TASK PROMPT: Once you reach the line containing "自動(dòng)化非標(bi", write out that line and every remaining line of the records exactly.

═════ SOURCE MATERIAL ═════

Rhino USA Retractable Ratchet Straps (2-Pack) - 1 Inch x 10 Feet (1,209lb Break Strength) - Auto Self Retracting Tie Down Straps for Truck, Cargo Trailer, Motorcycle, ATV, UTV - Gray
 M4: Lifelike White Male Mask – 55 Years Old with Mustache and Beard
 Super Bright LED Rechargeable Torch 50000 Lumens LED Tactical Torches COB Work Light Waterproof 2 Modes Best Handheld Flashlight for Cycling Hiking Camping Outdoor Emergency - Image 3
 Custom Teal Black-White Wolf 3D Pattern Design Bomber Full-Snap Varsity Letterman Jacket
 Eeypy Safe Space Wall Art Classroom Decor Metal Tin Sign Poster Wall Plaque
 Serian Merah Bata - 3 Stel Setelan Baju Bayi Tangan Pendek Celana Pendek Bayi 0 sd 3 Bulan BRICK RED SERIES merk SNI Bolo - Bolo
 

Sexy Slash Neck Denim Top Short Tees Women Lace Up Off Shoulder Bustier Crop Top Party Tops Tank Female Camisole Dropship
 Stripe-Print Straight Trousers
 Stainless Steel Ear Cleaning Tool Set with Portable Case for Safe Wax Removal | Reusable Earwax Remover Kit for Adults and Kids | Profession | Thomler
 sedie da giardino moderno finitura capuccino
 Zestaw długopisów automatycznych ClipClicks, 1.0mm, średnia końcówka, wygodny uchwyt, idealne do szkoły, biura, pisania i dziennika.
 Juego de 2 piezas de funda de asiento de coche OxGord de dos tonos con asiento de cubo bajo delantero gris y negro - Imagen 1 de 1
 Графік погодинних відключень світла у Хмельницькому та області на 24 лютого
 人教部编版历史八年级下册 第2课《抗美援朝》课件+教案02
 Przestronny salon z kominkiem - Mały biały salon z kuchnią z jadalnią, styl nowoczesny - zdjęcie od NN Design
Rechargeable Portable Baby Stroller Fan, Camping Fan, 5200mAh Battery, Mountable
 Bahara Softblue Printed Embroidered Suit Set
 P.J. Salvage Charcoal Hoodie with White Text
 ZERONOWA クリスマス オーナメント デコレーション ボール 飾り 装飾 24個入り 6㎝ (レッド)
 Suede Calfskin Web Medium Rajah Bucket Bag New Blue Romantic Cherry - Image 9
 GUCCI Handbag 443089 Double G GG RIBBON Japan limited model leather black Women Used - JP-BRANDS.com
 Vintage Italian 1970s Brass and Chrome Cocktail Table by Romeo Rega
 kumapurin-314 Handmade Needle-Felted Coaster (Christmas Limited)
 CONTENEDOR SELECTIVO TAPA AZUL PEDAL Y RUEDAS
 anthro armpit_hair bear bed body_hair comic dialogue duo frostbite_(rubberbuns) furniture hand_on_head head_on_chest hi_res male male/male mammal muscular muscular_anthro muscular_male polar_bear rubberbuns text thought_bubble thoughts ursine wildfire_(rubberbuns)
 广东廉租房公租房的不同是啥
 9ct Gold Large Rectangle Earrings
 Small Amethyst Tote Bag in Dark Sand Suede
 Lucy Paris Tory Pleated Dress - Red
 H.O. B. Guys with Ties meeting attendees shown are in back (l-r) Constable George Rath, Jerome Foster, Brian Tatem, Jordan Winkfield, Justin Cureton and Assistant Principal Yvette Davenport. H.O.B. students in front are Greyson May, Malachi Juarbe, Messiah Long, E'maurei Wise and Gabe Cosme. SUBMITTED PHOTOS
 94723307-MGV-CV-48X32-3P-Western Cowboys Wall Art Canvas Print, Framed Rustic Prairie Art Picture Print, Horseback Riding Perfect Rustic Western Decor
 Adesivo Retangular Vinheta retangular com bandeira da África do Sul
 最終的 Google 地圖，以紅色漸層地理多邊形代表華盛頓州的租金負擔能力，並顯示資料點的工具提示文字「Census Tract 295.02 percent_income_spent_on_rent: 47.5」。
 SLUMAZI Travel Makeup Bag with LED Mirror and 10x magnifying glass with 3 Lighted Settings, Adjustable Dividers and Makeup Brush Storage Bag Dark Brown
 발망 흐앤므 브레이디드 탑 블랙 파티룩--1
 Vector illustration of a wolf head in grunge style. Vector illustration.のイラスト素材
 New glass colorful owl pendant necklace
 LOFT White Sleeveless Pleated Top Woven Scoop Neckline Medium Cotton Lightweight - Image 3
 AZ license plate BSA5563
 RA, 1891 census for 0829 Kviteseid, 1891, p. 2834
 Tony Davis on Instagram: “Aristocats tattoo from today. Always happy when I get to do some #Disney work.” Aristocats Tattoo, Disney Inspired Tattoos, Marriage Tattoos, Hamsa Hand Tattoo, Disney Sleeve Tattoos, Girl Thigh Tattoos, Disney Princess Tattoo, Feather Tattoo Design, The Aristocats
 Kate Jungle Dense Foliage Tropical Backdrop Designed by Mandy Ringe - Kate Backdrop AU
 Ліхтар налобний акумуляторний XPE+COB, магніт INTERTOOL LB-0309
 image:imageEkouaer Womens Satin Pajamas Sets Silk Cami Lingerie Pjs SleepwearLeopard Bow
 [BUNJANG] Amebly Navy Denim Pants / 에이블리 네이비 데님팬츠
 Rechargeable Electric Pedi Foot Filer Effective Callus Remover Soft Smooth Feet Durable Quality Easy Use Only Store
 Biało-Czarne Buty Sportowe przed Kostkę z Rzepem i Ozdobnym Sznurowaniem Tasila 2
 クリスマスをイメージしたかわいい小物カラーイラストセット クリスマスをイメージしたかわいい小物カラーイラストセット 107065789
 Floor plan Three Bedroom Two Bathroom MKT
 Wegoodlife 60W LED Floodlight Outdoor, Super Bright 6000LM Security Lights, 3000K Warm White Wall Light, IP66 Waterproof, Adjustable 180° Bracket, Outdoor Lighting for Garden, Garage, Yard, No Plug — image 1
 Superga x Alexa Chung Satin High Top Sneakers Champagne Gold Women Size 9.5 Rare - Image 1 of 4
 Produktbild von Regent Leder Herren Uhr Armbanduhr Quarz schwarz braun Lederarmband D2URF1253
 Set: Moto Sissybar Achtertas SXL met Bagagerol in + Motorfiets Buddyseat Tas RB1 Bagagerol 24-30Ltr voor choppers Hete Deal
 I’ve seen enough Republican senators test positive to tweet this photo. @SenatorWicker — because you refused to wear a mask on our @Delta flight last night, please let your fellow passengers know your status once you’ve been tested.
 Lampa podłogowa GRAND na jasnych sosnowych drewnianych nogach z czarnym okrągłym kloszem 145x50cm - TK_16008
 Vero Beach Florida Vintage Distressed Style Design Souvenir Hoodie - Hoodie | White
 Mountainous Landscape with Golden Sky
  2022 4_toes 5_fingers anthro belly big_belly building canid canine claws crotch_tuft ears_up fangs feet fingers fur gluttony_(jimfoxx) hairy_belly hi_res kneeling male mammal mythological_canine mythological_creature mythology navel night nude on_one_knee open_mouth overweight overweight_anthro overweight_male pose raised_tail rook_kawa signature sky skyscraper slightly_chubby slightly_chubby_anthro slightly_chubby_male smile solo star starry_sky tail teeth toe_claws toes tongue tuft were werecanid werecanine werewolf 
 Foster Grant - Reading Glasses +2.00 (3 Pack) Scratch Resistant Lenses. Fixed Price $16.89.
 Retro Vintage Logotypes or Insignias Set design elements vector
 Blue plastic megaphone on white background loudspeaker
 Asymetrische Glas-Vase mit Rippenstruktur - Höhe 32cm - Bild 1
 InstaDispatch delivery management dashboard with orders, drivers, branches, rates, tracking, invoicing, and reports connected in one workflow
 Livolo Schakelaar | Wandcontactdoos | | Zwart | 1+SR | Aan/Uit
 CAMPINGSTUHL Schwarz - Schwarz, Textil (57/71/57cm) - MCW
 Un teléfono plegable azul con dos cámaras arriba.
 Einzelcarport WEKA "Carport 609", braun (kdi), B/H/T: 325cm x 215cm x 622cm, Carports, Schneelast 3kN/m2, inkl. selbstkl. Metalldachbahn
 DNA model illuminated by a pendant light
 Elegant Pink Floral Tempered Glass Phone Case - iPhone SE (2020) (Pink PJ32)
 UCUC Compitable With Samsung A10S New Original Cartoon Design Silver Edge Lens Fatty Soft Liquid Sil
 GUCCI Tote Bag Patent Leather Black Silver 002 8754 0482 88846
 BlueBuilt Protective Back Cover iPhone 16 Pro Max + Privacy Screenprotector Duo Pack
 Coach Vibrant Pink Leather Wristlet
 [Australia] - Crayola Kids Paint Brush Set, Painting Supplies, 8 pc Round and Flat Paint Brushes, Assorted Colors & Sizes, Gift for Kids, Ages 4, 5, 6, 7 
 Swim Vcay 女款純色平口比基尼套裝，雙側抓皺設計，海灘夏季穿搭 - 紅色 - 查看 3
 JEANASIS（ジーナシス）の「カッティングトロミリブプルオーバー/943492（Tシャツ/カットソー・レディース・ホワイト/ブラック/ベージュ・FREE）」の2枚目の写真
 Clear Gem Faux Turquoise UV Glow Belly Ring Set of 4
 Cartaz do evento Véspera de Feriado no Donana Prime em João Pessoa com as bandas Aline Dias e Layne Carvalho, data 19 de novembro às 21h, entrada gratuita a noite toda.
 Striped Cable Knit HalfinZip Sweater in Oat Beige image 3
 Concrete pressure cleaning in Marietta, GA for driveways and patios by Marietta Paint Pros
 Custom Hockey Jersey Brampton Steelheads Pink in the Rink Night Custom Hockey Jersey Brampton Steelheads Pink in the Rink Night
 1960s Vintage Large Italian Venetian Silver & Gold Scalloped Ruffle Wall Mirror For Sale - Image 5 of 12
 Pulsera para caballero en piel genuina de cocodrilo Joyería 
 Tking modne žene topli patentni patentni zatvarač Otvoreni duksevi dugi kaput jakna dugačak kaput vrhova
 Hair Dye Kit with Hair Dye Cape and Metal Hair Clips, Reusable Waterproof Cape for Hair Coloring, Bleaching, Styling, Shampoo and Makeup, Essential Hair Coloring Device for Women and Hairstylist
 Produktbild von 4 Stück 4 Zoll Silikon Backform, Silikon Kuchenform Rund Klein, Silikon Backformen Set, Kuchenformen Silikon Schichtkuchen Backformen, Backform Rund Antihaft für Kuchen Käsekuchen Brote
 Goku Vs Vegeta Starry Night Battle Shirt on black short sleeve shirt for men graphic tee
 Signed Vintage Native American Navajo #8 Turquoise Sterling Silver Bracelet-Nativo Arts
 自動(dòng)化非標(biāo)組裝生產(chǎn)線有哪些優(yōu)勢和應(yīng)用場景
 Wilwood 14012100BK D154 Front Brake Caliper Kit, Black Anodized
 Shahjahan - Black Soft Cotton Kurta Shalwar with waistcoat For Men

═════

ANSWER TO THIS EXERCISE:
 自動(dòng)化非標(biāo)組裝生產(chǎn)線有哪些優(yōu)勢和應(yīng)用場景
 Wilwood 14012100BK D154 Front Brake Caliper Kit, Black Anodized
 Shahjahan - Black Soft Cotton Kurta Shalwar with waistcoat For Men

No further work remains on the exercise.